There may be nothing more archetypal than the ocean. As humans, we’ve depended on its waters to provide food and entertainment (sailing, surfing), and we’ve suffered when its enormous power has risen up in unexpected ways. Tsunamis and storms remind us that we have not truly mastered natural forces.
In dreams, the ocean often represents the unconscious, but it can also be a great well of emotion. When dreamers have reported dreams of struggling underwater, there is usually, at least at one level, a place in their lives where emotions have overwhelmed them. By contrast, dreaming of breathing underwater suggests the ability to survive the great overwhelm of emotion.
I’ve dreamed of the ocean and its creatures many times. In waking life, I love walking along beaches and finding the treasures tossed up by the waves, with the sound of the surf helping me relax. I sense eternity when I watch the waves rolling in, and find comfort in the fact that my life, no matter how difficult at the time, is but a heartbeat in the life of the world.

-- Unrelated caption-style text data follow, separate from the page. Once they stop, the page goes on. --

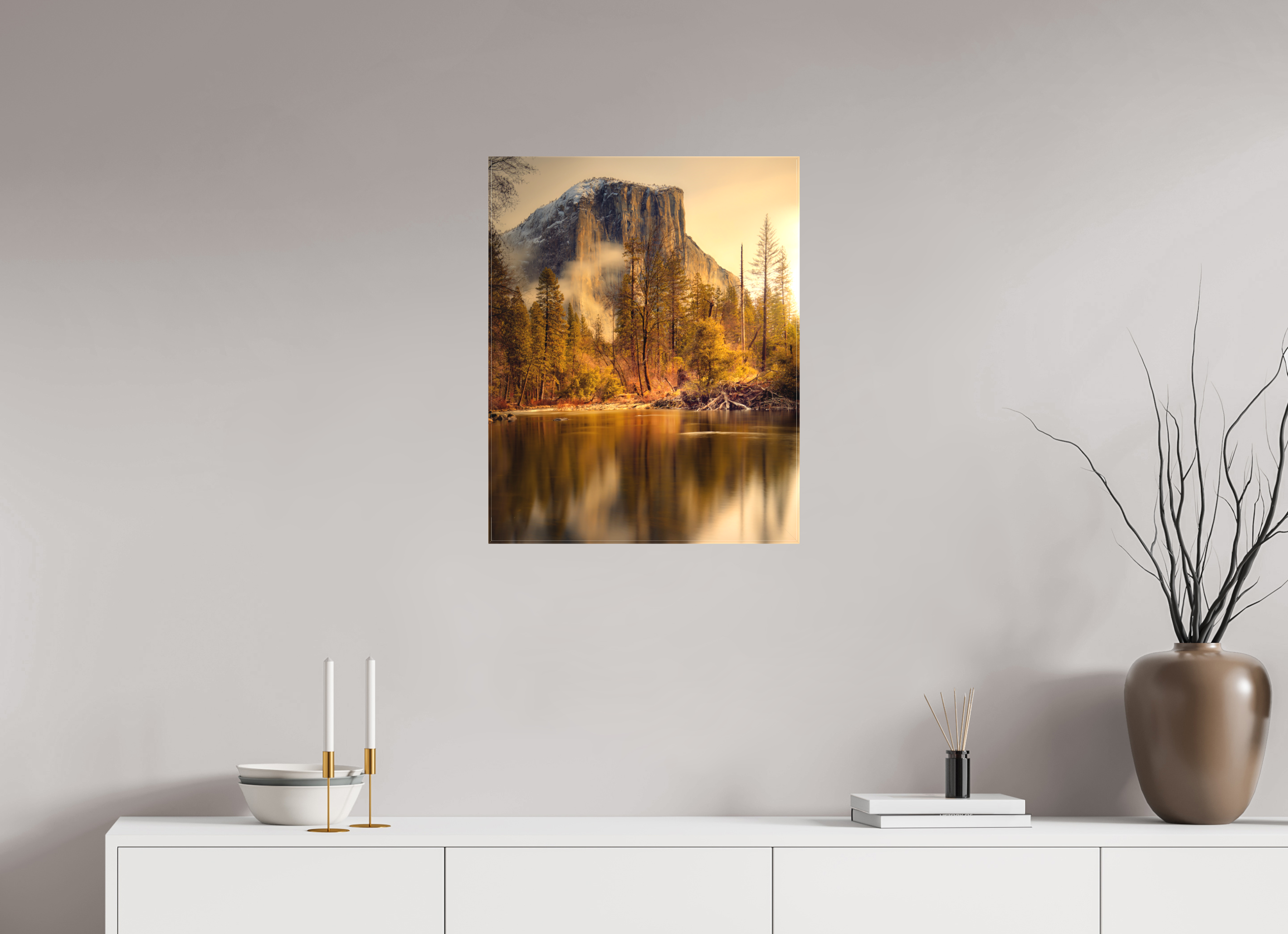 20 x 25″, Fine Art Textile Winter Sunrise At El Capitan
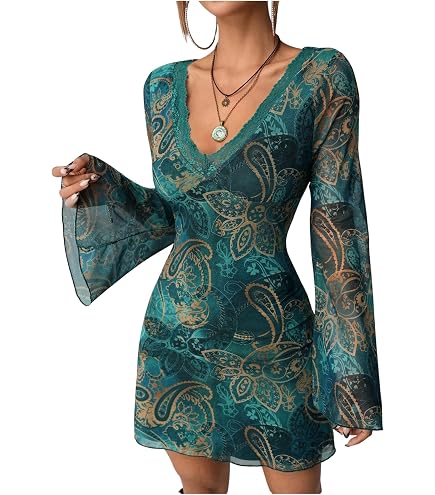 Milumia Women's Floral Long Bell Sleeve Backless Mini Dress Party Date Night Going Out Dresses Blue and White X-Small at Amazon Women's Clothing store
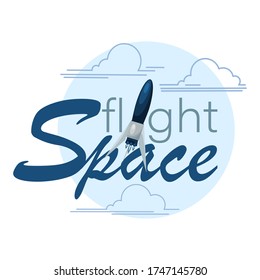 Astronautics. Spaceship.Vector flying rocket, space shuttle, spaceship launch, aviation. Emblem, sticker. Design for textiles.
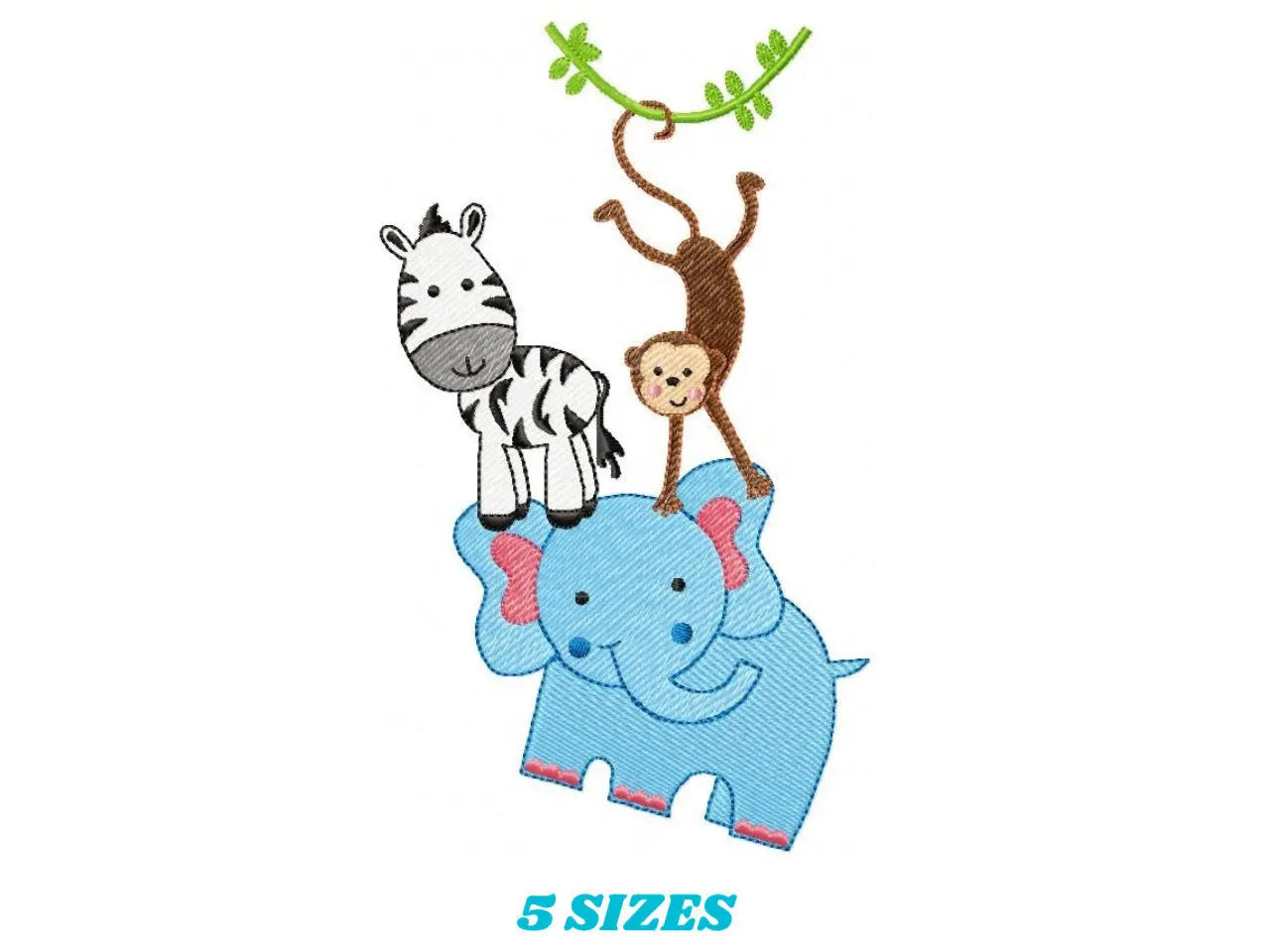 Safari animals embroidery designs - Elephant embroidery design machine embroidery pattern - Zebra and Money embroidery - instant download Marcia Embroidery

But in my dreams, the ocean comes to remind me that I need to be quick on my feet to dodge the tsunamis that life throws my way. Or that my little boat won’t protect me from the life I’m destined to experience. Or that I am not really so very different from the creatures that live in the water’s depths.
My mother grew up near the ocean and loved it her whole life, so for me the ocean in a dream carries my relationship with her in a symbolic way. Shortly after she died, I dreamed of helping her across a river between a street and a beach, and having to take my bearings on the beach before we started walking, so I’d be sure to find my way back. The building I saw was a symbol for my writing and creative life, and in waking life, I spent a long time walking in grief. It was, in large part, my writing that kept me anchored as those waves of emotion rolled in. Now when I visit the ocean, that grief always rises, but it’s gentler now, like waves in a sheltered bay.